The various ways to use feature flags to improve your product
An email invasion
At PeopleDoc, we are facing an amazing growth in our application's usage. More and more companies use dematerialized documents and they want to integrate them as easily as possible into our application.
That's why we provide them with a feature where they can add documents into PeopleDoc through emails.
But as we grow, we receive more and more emails to analyze, parse and store. Our previous workflow was good until some point that we recently reached. We needed a more reliable, fault resilient and scalable solution.
This article is about how we did it from a functional point of view. Another article with technical details might see the light in the future.
Our current architecture
At People Doc, we try to divide our products into microservices. We have a microservice which handle the storage of documents, another for converting docx files to PDF, one for sending emails and so on.
We also have a micro service which is responsible for handling incoming emails, which is the feature we will be discussing about in this article. The advantage of having a microservice dedicated to this feature is that we can change it without impacting all other applications (obviously).

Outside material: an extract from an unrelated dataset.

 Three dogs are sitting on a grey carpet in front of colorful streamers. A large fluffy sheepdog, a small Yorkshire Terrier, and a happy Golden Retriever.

The user story is as follow:
As a user of PeopleDoc,
I want to easily send documents on PeopleDoc platform
So that using PeopleDoc day to day is a delight ;D
And here is an acceptance test that goes with it:
Given an email address associated with a PeopleDoc user's account
When I send an email with an attachment to this address
Then I can see the email in the Inbox of the user with the attachment.
One of the use case is to be able to scan document and send them directly on PeopleDoc (as many enterprise scanners have a functionality to send scanned documents through email). Once they are sent and received by our service, they appear in PeopleDoc interface as a new inbox item.

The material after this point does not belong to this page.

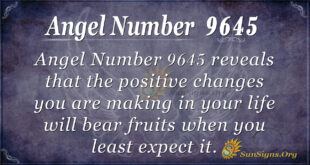 Angel Number 9645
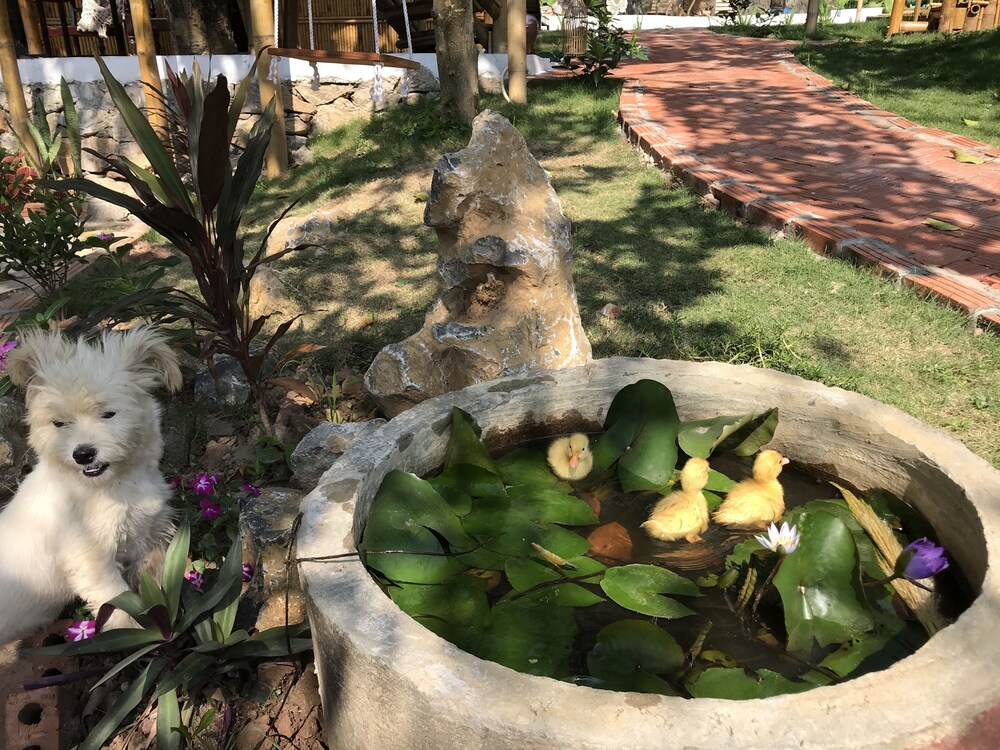 Trang An Lamia Bungalow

We had a few specifications before starting this project:
- We don't want to handle our own SMTP server. It's painful and quite complicated to set up and maintain.
- The application must be fault resilient. As a SaaS company, we might face downtimes on some of our applications. Nevertheless, we must be resilient and impact as little as possible our clients.
- The application must be scalable. As our client's number grow, we need to build an application which will handle more and more incoming emails every day.
- Data must be handled in Europe. Our product works all around the world. However, laws in Europe are different from other continents. Our clients want all their data to be handled and stored in EU and that's what is written in our contracts.
We had identified that Amazon could be of a great help with one of its services: Amazon Simple Email Service (SES). They offer to handle all the SMTP server and allow us to write custom rules for incoming emails. All we have to do is to configure our DNS to redirect all incoming emails arriving on our domain name to the Amazon SMTP server located in Dublin.
Once our emails are received, we encrypt them and store them in Amazon Simple Storage Service (S3). Here again, Amazon allow us to write custom rules when an object is stored in S3. So what we did was to send an event on a queue, containing the ID of the email.
This queue is handled by another Amazon service; Simple Queue Service (SQS). This is a queue on which an application can register to be notified when a new message is posted on it. So we plugged our application to this queue and we are now notified each time a new incoming email is received!
When our application is notified, it gets the ID of the email from the SQS message, downloads the email from S3, decrypts it, retrieves its attachments, upload them on our secure storage (which is called SAE, for Système d'Archivage Électronique) and create a new message in the user's inbox in People Doc.
Here is what it looks like on a diagram:
Building this application gives us quite some advantages.
First of all, today, we have a stateless application, and that means a lot! Retrieving and parsing emails doesn't require to store any data. So we can have multiple instances of our application doing the work at the same time, distributing the load of these tasks between each application. Whether these instances are on the same server or not doesn't change a thing!
When an instance reads an event from SQS, this event becomes invisible for other instances. It processes the event, get the emails, parse it and, eventually, if all went well, it acknowledges the event so that it is removed from the queue.
However, if the event has not been acknowledge for a certain amount of time since it has been retrieved by an instance, it automatically reappears in the queue. This scenario is quite useful when an instance starts processing an event and then crashes in the middle of the process (network failure, server issue…). In this case, the event will automatically reaper and another instance will process it.
A good point also is that if our application is down for some reason, nothing is lost. We can afford downtime and that's quite a relief!
When the application is down, all emails are still stored on S3 and events are piling up in SQS. Once the application is back online, it simply retrieves the events one by one and starts processing the email again.
SQS events can stay in the queue for a maximum of 14 days. Hopefully, our application will never be down so long…
When emails are received by SES, they are encrypted by SES before being stored on S3. When we retrieve them with our application, they are still encrypted. We are using a client-side encryption so they are never unencrypted when they go through the network.
We encountered a few pain points while developing this solution (like setting up the encryption policy or getting information about what emails look like when they are stored) but, despite that, setting up this whole process was quite straightforward. Amazon provides open source SDK that you can find on Github and creating new services on their administration console is intuitive.
However, everything is not done yet. We need for instance a way to monitor the number of emails going through this process and more precisely the number of emails which are on error. For those on error, we need to be able to replay them again, in case the error was due to an external factor at the time the email was first processed.
So even if the main functionality is done, there is still room for improvements!